Work order:
Each line from the one containing "Bir tabak buz" through the last line of the records is to be repeated exactly, with all pictures left out.

Provided material:

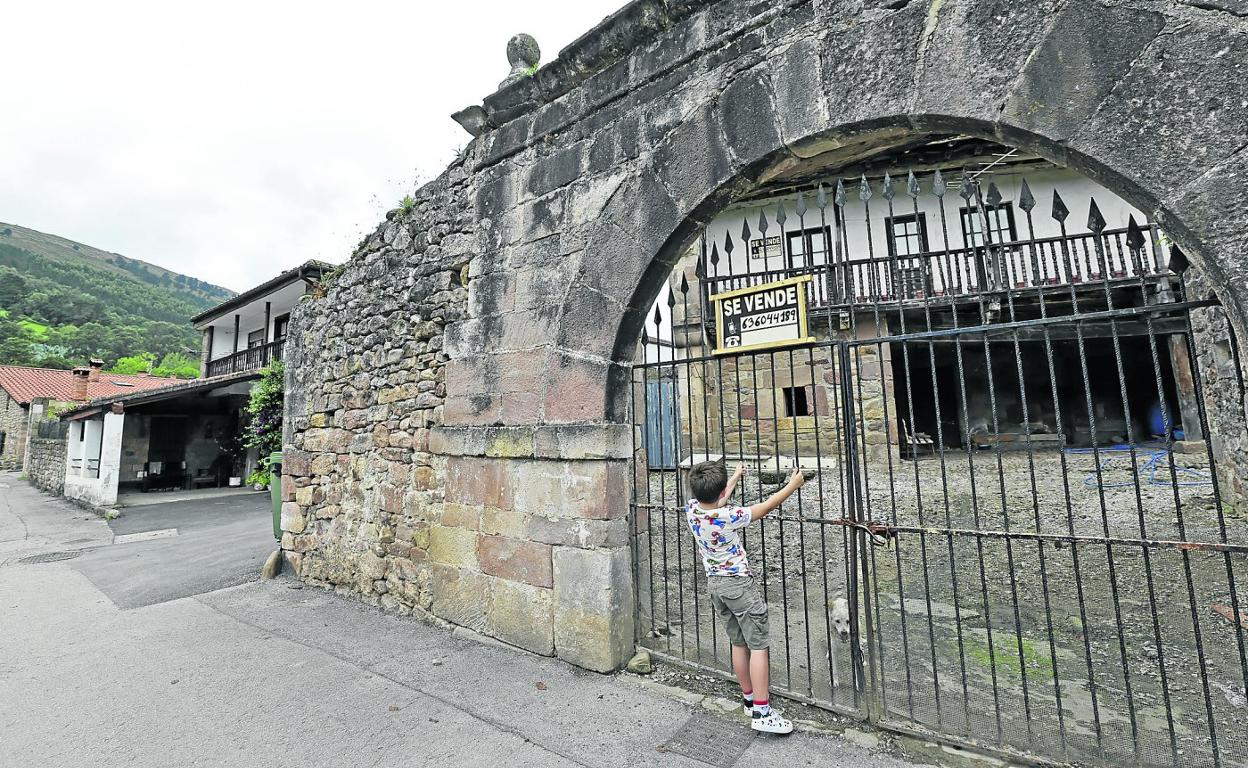 Un niño juega en la verja de la que cuelga un cartel que anuncia la venta de la casa, en la localidad cabezonense de Santibáñez. 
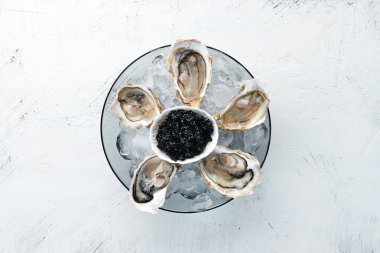 Bir tabak buz ve limonda istiridye ve siyah havyar. Deniz ürünleri. Üst te. Ücretsiz kopyalama alanı.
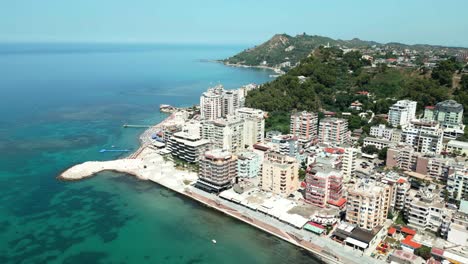 Durres,-promenade,-city-buildings,-and-Adriatic-Sea-beach,-aerial-view-from-a-drone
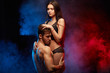 Amazing young sexy couple is hugging before sepparation.isolated black smoky background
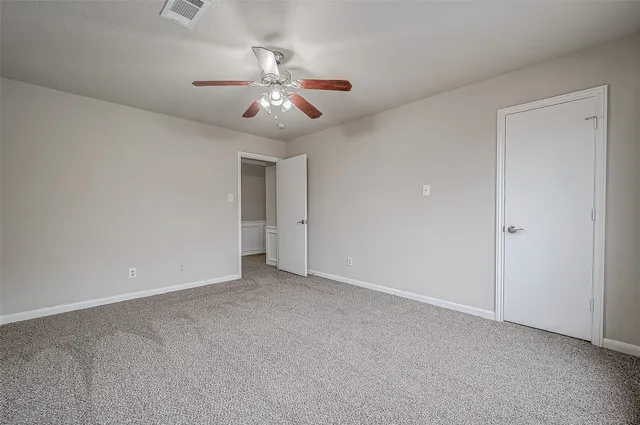 a view of an empty room with a fan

Answer space:
 Bir tabak buz ve limonda istiridye ve siyah havyar. Deniz ürünleri. Üst te. Ücretsiz kopyalama alanı.
 Durres,-promenade,-city-buildings,-and-Adriatic-Sea-beach,-aerial-view-from-a-drone
 Amazing young sexy couple is hugging before sepparation.isolated black smoky background
 a view of an empty room with a fan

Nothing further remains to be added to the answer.